Start of DATA RECORDS
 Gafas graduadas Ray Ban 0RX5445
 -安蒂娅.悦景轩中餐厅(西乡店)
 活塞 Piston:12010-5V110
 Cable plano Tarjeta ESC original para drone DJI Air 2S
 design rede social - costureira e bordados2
End of DATA RECORDS
Start of DATA RECORDS
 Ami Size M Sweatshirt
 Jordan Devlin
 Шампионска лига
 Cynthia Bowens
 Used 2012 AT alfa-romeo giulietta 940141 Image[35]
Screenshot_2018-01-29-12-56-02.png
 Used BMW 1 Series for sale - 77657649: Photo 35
End of DATA RECORDS
Start of DATA RECORDS
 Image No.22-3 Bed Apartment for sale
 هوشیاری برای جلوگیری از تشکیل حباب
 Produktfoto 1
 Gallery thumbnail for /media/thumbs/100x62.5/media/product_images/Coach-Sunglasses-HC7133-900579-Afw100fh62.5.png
End of DATA RECORDS
- PROBLEM REQUIREMENTS -
Pick out each line above that includes "sale" and show it.

- SOLUTION FOR THIS EXERCISE -
 Used BMW 1 Series for sale - 77657649: Photo 35
 Image No.22-3 Bed Apartment for sale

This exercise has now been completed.